The Szlos, Poziomczyk and Wolman families in Paris, © Olivier Szlos, Studio Jérôme, 16 Avenue de la Porte de Clignancourt, 18eme, 1932. Standing left to right: David Szlos, Dyna Rajzla Rosette Szlos (born in Lublin), Jechweit Hekier (born in Lubartów), Abram Poziomczyk, Dyna Rajzla Rosette Wolman (born in Lubartów). Seated left to right: Gitla Golda Germaine Szlos, Etla Hekier (born in Lubartów), Albert Szlos, Nuchym Szlos, Chawa Hekier (born in Lubartów), Isaac Wolman (born in Lubartów), David Lejb Wolman (born in Lubartów)
This photograph reminds me of others I have of my family and I feel, when comparing it to this one taken in France in a Paris studio, that this image is of a family established in the 20th century world. Lubartow’s photo could have ultimately been taken in Paris or New York. Of course, the Fiszbin family photo is published in the memory book because this photo was sent to Paris. Fact is that there’s a free exchange of letters and photos sent by mail and carried by various family members on their trips between Lubartow and Paris, ideas, everyday practices, the latest family stories, and the latest fashions are shared across borders.

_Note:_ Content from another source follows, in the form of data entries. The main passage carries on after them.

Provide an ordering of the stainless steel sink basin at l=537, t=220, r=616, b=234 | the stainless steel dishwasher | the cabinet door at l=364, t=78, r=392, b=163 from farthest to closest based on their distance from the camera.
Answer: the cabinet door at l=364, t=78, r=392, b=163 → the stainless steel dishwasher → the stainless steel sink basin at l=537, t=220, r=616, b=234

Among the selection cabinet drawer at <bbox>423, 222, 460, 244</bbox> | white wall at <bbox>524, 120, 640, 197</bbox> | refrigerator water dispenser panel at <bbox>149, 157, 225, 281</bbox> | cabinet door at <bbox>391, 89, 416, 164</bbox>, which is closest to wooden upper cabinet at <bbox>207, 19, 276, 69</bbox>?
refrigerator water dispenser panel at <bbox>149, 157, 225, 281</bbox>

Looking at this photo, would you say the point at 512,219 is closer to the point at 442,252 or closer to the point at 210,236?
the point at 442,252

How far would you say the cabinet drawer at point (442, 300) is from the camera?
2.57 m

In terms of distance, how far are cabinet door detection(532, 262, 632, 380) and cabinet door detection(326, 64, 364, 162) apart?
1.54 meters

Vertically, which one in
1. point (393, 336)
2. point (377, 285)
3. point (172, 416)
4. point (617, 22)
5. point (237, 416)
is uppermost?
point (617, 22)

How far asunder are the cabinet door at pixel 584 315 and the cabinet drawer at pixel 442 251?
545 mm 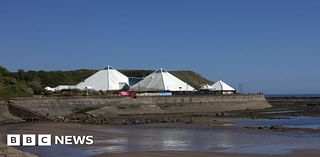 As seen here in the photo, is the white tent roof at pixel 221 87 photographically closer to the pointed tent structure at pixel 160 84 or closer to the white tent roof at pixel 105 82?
the pointed tent structure at pixel 160 84

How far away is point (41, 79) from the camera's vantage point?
134 m

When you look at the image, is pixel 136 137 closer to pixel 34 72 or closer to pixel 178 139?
pixel 178 139

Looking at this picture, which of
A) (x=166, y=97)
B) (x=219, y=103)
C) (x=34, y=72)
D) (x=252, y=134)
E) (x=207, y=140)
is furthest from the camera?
(x=34, y=72)

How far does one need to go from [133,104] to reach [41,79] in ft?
220

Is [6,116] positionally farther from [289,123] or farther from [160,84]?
[160,84]

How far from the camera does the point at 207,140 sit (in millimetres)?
33250

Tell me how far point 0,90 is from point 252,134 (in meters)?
37.1

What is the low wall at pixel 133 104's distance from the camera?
61625 mm

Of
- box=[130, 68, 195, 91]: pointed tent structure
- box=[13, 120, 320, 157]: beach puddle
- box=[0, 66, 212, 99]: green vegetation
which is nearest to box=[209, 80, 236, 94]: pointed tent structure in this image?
box=[130, 68, 195, 91]: pointed tent structure

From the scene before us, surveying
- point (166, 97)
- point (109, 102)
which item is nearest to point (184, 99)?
point (166, 97)

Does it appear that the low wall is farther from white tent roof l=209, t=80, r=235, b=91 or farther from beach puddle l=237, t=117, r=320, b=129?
white tent roof l=209, t=80, r=235, b=91

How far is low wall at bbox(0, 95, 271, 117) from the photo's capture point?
6162 centimetres

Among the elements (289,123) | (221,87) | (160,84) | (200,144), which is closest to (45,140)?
(200,144)

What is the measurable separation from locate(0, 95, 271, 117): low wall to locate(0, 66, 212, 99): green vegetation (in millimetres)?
5027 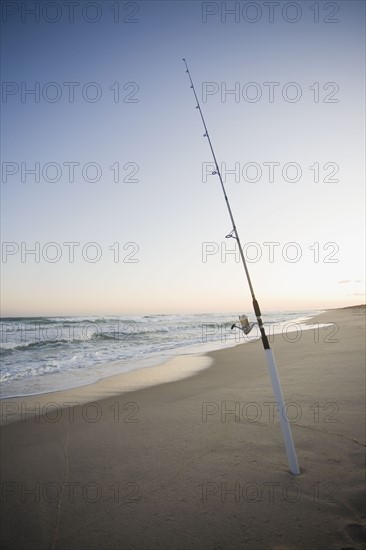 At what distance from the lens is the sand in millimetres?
2473

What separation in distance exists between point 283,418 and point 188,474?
1.23 m

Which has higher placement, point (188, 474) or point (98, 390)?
point (188, 474)

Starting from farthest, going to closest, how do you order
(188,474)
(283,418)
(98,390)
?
(98,390)
(188,474)
(283,418)

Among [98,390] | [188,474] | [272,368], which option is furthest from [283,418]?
[98,390]

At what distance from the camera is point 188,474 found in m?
3.28

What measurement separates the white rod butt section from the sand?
0.40 ft

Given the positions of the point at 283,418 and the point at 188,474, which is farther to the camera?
the point at 188,474

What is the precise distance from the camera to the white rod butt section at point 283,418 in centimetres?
293

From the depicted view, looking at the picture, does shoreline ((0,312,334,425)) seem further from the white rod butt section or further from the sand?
the white rod butt section

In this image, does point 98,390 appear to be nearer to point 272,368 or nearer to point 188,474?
point 188,474

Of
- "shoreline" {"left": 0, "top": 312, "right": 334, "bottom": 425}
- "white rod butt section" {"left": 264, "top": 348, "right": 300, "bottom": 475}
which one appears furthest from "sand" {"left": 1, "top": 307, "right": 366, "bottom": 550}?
"shoreline" {"left": 0, "top": 312, "right": 334, "bottom": 425}

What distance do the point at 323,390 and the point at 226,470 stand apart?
3.30m

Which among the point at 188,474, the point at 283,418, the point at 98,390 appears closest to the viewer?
the point at 283,418

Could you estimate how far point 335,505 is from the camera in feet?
8.44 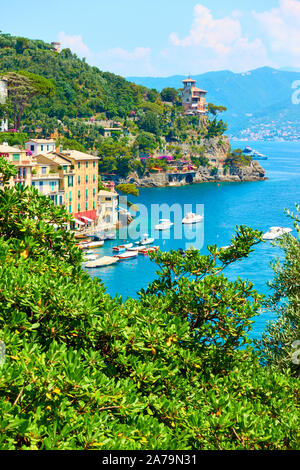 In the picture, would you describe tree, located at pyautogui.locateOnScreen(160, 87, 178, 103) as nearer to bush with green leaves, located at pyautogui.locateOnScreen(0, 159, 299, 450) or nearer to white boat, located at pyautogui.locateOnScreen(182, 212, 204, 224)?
white boat, located at pyautogui.locateOnScreen(182, 212, 204, 224)

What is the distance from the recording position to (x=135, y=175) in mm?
88000

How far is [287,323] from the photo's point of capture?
10789 mm

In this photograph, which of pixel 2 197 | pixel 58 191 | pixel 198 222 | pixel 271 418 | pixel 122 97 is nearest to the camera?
pixel 271 418

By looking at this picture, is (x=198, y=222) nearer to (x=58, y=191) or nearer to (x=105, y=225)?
(x=105, y=225)

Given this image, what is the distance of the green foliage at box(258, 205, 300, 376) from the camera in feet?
33.7

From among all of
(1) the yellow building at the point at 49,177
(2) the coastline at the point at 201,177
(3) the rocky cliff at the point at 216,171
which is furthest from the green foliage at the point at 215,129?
(1) the yellow building at the point at 49,177

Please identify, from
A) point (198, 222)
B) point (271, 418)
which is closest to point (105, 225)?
point (198, 222)

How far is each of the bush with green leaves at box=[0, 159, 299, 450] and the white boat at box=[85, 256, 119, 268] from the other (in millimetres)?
29813

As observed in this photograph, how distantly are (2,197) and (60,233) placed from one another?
1033mm

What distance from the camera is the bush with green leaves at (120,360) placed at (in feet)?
15.8

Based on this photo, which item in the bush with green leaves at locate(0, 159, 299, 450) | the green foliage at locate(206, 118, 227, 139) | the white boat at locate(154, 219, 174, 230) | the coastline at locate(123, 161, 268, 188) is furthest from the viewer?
the green foliage at locate(206, 118, 227, 139)

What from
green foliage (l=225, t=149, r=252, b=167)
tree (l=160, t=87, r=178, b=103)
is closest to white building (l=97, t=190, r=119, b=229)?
green foliage (l=225, t=149, r=252, b=167)

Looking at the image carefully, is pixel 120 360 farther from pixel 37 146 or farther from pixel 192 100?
pixel 192 100

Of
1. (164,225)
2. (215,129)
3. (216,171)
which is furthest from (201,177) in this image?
(164,225) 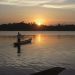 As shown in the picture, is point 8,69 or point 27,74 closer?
point 27,74

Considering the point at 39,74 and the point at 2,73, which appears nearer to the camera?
the point at 39,74

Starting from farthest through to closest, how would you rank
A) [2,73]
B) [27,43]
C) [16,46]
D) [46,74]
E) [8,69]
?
[27,43] < [16,46] < [8,69] < [2,73] < [46,74]

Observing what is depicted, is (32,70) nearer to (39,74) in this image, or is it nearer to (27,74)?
(27,74)

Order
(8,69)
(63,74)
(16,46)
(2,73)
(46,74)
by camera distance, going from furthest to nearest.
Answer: (16,46), (8,69), (2,73), (63,74), (46,74)

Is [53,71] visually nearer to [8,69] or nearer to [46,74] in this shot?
[46,74]

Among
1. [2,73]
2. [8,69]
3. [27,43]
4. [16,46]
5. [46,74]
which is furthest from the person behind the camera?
[27,43]

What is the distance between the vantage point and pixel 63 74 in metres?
24.2

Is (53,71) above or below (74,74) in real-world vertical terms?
above

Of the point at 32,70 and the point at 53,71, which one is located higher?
the point at 53,71

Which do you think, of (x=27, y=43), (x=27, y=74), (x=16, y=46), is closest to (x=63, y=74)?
(x=27, y=74)

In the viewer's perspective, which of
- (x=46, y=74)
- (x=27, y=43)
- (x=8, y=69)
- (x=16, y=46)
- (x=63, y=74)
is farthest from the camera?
(x=27, y=43)

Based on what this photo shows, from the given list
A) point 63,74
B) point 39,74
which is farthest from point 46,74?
point 63,74

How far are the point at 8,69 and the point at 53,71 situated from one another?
38.1ft

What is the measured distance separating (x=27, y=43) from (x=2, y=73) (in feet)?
168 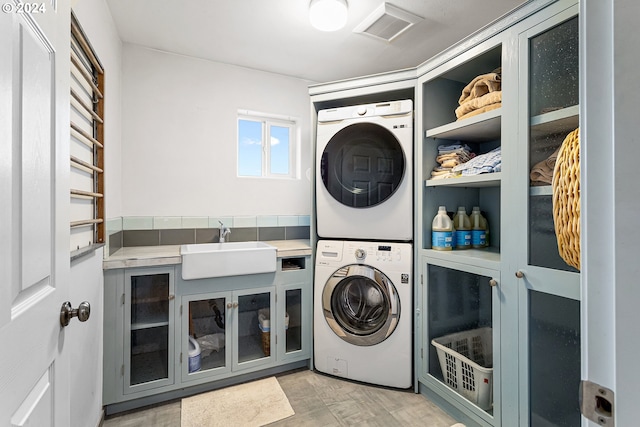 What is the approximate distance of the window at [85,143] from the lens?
1328mm

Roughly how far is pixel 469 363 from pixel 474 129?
134 centimetres

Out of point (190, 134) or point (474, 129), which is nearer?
point (474, 129)

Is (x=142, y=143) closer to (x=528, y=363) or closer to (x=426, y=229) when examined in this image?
(x=426, y=229)

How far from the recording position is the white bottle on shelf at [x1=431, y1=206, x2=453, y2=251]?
1.88m

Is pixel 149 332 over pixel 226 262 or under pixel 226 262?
under

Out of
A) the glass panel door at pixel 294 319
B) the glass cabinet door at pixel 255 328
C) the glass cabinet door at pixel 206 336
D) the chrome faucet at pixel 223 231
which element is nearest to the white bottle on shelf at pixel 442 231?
the glass panel door at pixel 294 319

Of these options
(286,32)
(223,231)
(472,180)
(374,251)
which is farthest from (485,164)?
(223,231)

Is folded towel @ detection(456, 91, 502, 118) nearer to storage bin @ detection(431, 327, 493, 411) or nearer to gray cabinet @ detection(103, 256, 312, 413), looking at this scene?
storage bin @ detection(431, 327, 493, 411)

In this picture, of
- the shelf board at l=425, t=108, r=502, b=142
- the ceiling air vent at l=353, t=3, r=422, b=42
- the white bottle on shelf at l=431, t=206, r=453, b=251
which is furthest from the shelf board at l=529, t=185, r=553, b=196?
the ceiling air vent at l=353, t=3, r=422, b=42

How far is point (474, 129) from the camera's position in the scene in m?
1.78

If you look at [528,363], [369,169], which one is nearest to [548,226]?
[528,363]

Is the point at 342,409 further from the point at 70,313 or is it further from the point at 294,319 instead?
the point at 70,313

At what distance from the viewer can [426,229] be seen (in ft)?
6.50

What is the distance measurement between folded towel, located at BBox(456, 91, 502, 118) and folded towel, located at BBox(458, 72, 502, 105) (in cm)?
4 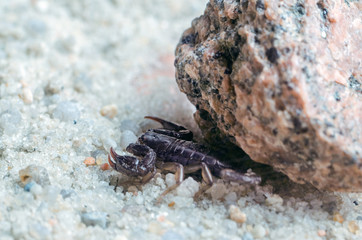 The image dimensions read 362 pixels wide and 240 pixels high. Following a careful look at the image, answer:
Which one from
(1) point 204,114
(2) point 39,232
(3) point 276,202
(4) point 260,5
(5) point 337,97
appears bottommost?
(2) point 39,232

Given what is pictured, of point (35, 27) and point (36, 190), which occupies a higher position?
point (35, 27)

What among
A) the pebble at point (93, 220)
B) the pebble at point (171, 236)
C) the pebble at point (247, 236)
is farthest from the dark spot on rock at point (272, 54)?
the pebble at point (93, 220)

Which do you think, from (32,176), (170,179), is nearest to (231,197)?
(170,179)

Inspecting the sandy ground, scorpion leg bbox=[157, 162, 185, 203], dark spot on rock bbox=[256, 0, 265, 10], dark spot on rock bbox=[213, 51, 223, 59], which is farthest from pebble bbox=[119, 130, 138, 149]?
dark spot on rock bbox=[256, 0, 265, 10]

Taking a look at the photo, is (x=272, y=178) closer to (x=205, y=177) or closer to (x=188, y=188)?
(x=205, y=177)

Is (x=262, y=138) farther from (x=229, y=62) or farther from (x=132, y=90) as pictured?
(x=132, y=90)

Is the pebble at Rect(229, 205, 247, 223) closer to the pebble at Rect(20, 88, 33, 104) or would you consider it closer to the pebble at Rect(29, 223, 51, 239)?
the pebble at Rect(29, 223, 51, 239)

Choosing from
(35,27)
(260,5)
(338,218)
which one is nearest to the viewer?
(260,5) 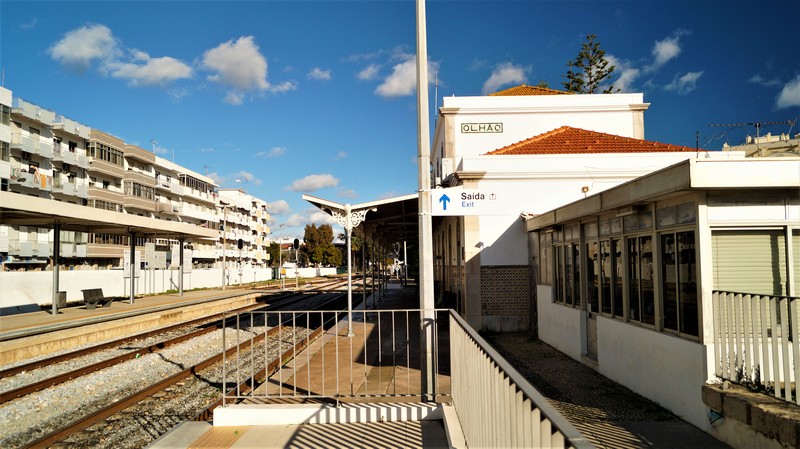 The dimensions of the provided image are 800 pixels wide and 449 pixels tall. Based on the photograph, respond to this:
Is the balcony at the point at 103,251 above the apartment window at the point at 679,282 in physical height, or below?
above

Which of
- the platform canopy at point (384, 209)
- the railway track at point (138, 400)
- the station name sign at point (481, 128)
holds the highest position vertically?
the station name sign at point (481, 128)

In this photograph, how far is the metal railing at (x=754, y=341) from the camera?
16.6 feet

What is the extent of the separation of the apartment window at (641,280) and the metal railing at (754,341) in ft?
5.02

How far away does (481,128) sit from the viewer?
19.8 meters

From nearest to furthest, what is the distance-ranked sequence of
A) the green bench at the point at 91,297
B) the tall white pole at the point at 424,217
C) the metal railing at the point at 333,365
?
the tall white pole at the point at 424,217 → the metal railing at the point at 333,365 → the green bench at the point at 91,297

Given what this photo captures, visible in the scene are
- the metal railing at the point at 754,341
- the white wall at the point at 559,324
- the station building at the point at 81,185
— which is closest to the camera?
the metal railing at the point at 754,341

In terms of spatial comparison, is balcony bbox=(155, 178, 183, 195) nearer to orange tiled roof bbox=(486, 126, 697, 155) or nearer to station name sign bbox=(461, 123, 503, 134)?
station name sign bbox=(461, 123, 503, 134)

Dyna Rajzla Fiszbin in a 1938 class photo. Photo page 43 in the book by Ryszard J. Dumalo, Wojna, okupacja, wyzwolenie: Lubartów 1939-1949 (War, occupation, liberation: Lubartów 1939-1949), © rights reserved
Dyna Rajzla can be seen in a photo of class 7 of Lubartów’ school number 1 in 1938. She is standing in front of the blackboard, first on the left of the fourth row. This photo comes from a book on the history of Lubartów by R.J. Dumalo. Dyna Rajzla went to public school, which means that she spoke and wrote Polish fluently. One can assume that her school teachers were mostly Catholic, although in the class photo Josef Hersz Federbusz is identified as a Jew. This teacher is found in the 1932 population register, where it is further noted that he is a teacher of the Jewish language (nauczyciel języka żydowskiego) i.e. Yiddish.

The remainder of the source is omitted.